Politics of a Portlander
    "(Bush's) latest budget includes new tax breaks, like provisions to let people who make more than $100,000 take bigger write-offs for dependents and to allow wealthy investors to shelter more investments. The nation can't afford this, financially or morally: we cannot balance the budget on the backs of workers, the elderly and our children." NY Times.
     The CBO added that over the longer term, the deficit would soar to a cumulative $2.6 trillion over 10 years under the Bush plan, compared with the $980 billion shortfall the CBO had forecast without the proposal.
     "Over the 2006-2015 period, the president's proposals would increase the total deficit by an estimated $1.6 trillion," CBO said.
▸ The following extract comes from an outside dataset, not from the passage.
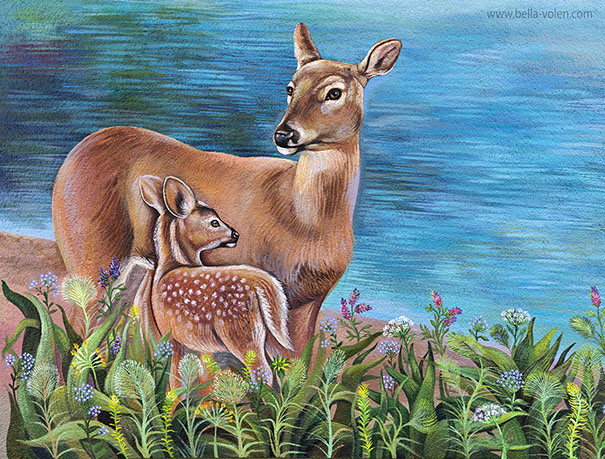 wandmalerei mit Tieren / Mural with deers Wandmalerei in Wien, detail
     Bush's plan to extend certain tax cuts is the main reason for a loss of $1.4 trillion in revenues under his budget plan, the CBO said.
     The agency had also been expecting the deficit to turn to a small surplus in 2012 under current policies, but that would disappear under Bush's plan.
     The CBO also noted that Bush's 2006 budget, which only covers five years, did not include any estimates for the cost of adding private accounts to Social Security, the wars in Iraq and Afghanistan, or other new expenses. Estimates say that Social Security could cost $2 trillion over 10 years and we have been spending over $90B a year on the wars, which the Bush administration continues to insist must go on indefinitely.
     I continue to believe that our representatives need to point out that our national debt and the deficit are national security issues, because our debt is held by other nations that could at any moment call that debt and put our economy at risk. As the Bush administration grows these deficits the dollar declines and the likelihood that foregin nations that hold our debt will ask America to pay their obligations. This is much more urgent than the issue of Social Security, where are obligations are secured intil at least 2042.
     So rollback the tax cuts Bush created for people whose income is over $200,000 a year to balance our budget and begin to reduce our national debt. Close tax loopholes for companies that ship jobs overseas. And in 2004 the Bush administration gave tens of billions of dollars to only the richest corporations in America by telling them they didn't have to pay taxes on taxable profit that was made by using cheap labor overseas.
     Voters need to force our government to return to the American values of protecting the individuals that make this country great, not the corporations that perpetuate corruption in government as well as business.